By Sen. Sonia Chang-Díaz
Last week, I was thrilled to stand on the Senate floor as every single one of my fellow senators voted in favor of deeply needed reforms to our K-12 education-funding system. The bill has now moved to the House.
The Senate’s decisive action was a critical step on the road to addressing a situation that has grown into a crisis for families, educators, and school districts across the Commonwealth. Every day, students walk into schools that don’t meet our basic aspirations for functional, equitable education. Their classrooms are overcrowded or their schools lack critical social-emotional supports like counselors, wrap-around services, and academic tutoring. Technology and books are in thin supply. And schools are categorizing as “extras we’ll have to do without” things that we know are actually foundational to success: teacher professional development, arts classes, preschool programs, and more.
These kinds of cuts and deficiencies, which have been accumulating for over a decade, challenge every district in Massachusetts. For some, it has become so difficult that they are considering filing a lawsuit against the Commonwealth for failing to make good on our promise to give our children a quality education.
And if that isn’t enough of a wake-up call for us, there’s this: Massachusetts has one of the worst achievement gaps in the United States, ranking 48th nationally for the gulf between affluent students and poor students.
It wasn’t supposed to be this way, and we have the tools to fix it.
Twenty-five years ago, we found ourselves in a similar position. The gap between poor districts and affluent districts at the time was so stark that school districts did sue the Commonwealth. But then something great happened in Massachusetts to make us proud. That lawsuit caught the Legislature’s attention and inspired the 1993 Education Reform Act, which made a bold, righteous, and radically American promise: We as a state said that “We will provide high quality public education for all of our children.” And all meant all.
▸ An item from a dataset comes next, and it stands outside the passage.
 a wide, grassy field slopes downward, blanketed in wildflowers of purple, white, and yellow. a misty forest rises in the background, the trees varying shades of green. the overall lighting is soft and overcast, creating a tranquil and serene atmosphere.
So we established a new budget, the Foundation Budget, to make sure that every school district, regardless of zip code, would have the resources to follow through on that promise.
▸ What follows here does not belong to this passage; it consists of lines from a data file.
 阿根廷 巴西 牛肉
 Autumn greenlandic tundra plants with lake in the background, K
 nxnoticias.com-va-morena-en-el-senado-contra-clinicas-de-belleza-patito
At first we did it—even though it was hard and required year-over-year discipline to appropriate the resources. But, lo and behold, the act brought about amazing results.
Unfortunately, in the years since, we have done little to update the formula, and it’s now outdated. Our education system grew and evolved along with our economy (consider that the internet barely existed for most Americans in 1993!), but our funding formula didn’t grow with us.
Today, our school districts are buckling under the weight of two decades of deferred maintenance.
In 2015, I co-chaired a bipartisan commission of experts to examine how to fix our aging funding system. That Foundation Budget Review Commission (FBRC) found that health care and special education costs had far surpassed assumptions built into the original formula. The FBRC also found that the original formula drastically understated the resources necessary to close achievement gaps for low-income students and English Learners.
In all, we found that Massachusetts is underestimating the cost of education by more than $1 billion every year.
FBRC commission members unanimously endorsed a few simple and effective recommendations to address this accumulating crisis: Modernize the English Learner and low-income components of the formula to provide critical services and align with best practices; realistically account for districts’ health care and special education costs; and establish a Data Advisory Task Force to better analyze school-level funding data as a way to inform future policy decisions.
These simple recommendations were endorsed unanimously by the members of the commission, who all agreed on the urgency of this problem, and on the road map for addressing it.
Since then, I have pushed my colleagues in the Senate and House to pass these simple policies into law and to put in place a public schedule-setting process by which we will phase them in. That’s the bill I filed at the beginning of this session, and that’s the legislation the Senate unanimously passed.
The promise of a quality education is not just the one we all made to our districts as elected officials. And it’s not just the one we, as responsible and caring adults, made to our children. It is a promise that runs to the heart of who we are in Massachusetts.
If this bill is passed by the House and signed by the governor, we will re-commit, in our generation, to the essential work of providing every child with a quality education – and ensure that “all” still means all.
Sen. Sonia Chang-Díaz represents the Second Suffolk District in the Legislature.